CXXXIX. Après que les Pélasges eurent massacré leurs concubines et les enfants qu’ils en avaient eus, la terre cessa de produire des fruits, et les femmes et les troupeaux devinrent stériles. Affligés par la famine et par la stérilité de leurs femmes, ils envoyèrent à Delphes prier le dieu de les délivrer de leurs maux. La Pythie leur commanda de donner aux Athéniens la satisfaction, que ceux-ci jugeraient à propos d’exiger. Les Pélasges se rendirent à Athènes, et promirent de subir la peine qu’on leur imposerait en réparation de leur crime.

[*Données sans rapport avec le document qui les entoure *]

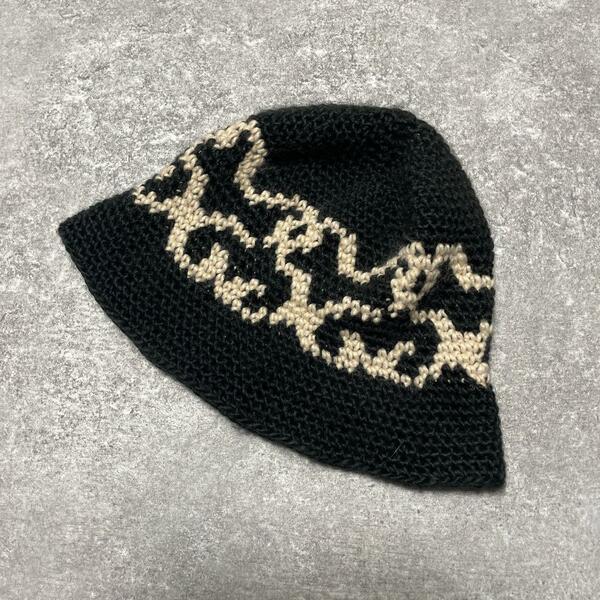 22aw stussy ss link knit クラッシャーハット 黒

Les Athéniens dressèrent un lit[1] dans le Prytanée avec toute la magnificence possible, et, ayant couvert une table de toutes sortes de viandes et de fruits, ils dirent aux Pélasges de leur livrer l’île de Lemnos dans le même état où était cette table. « Nous vous la livrerons, reprirent les Pélasges, lorsqu’un de vos vaisseaux arrivera par un vent de nord-est de votre pays à Lemnos en un seul jour. » Ils firent cette réponse parce que l’Attique étant située au midi de Lemnos, et à une distance considérable de cette île, il leur paraissait impossible de faire un si long trajet en un jour par un vent de nord-est.

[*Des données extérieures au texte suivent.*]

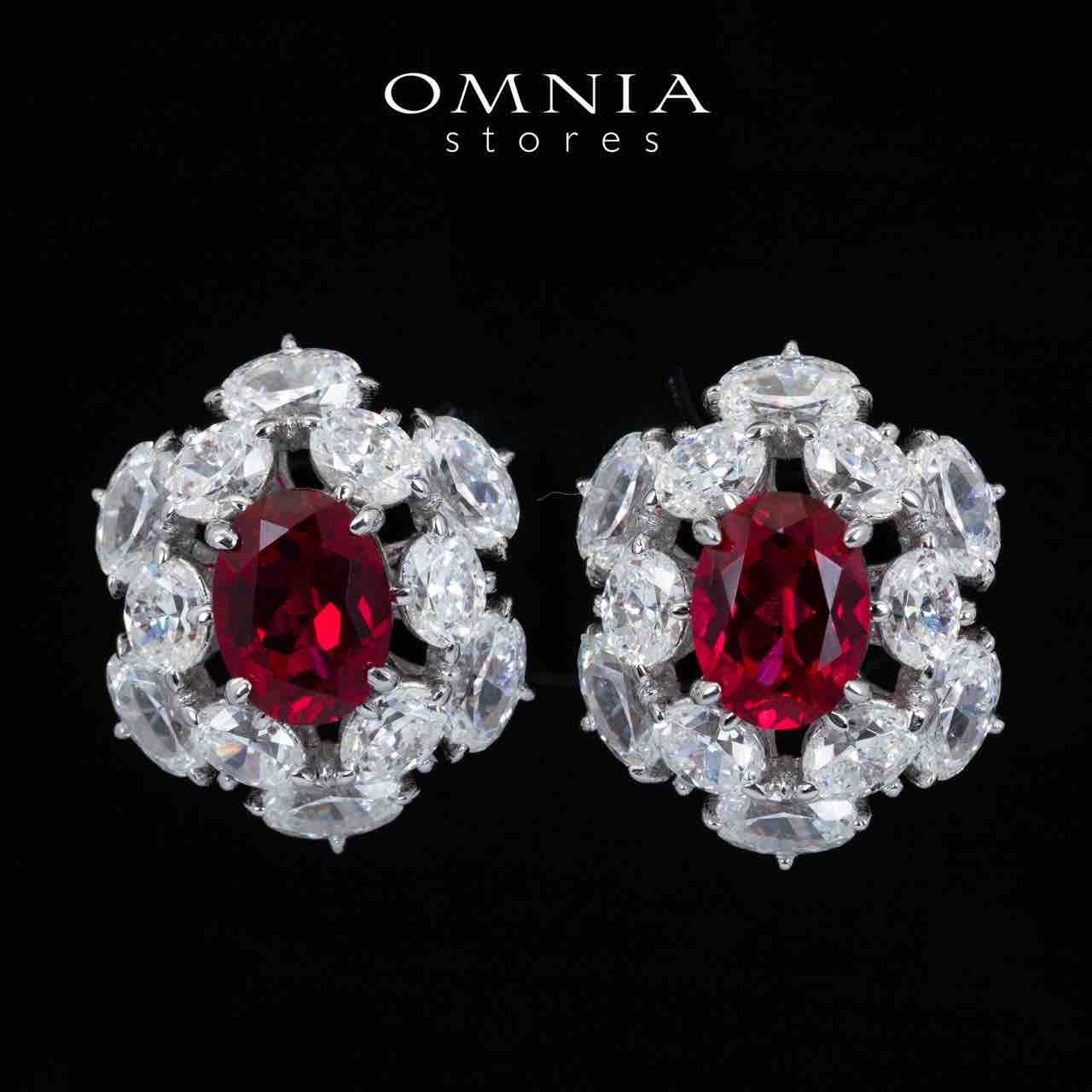 Omnia Liyana White and Red Earrings With High Quality Certified Lab Crafted Stones In 925 Silver 11.51ct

CXL. Les choses en restèrent là. Mais, après bien des années, la Chersonèse sur l’Hellespont ayant été conquise par les Athéniens, Miltiade, fils de Cimon, passa en un jour, à la faveur des vents étésiens, de la ville d’Éléonte, port de la Chersonèse, dans l’île de Lemnos. Il rappela aux Pélasges l’oracle, dont ils ne croyaient jamais voir l’accomplissement, et leur commanda de sortir de l’île. Les habitants d’Héphæstia obéirent ; mais ceux de Myrine ayant répondu à Miltiade qu’ils ne reconnaissaient point la Chersonèse pour l’Attique, ils soutinrent le siége jusqu’à ce qu’ils se vissent forcés de se rendre. Telle fut la manière dont les Athéniens s’emparèrent de l’île de Lemnos, sous la conduite de Miltiade.


FIN DU SIXIÈME LIVRE.

    leur donnant une odeur désagréable qui empêchait leurs maris de les approcher. Ces femmes, se voyant méprisées de leurs maris, les tuèrent tous. (L.)

  1. Les anciens mangeaient couchés sur des lits.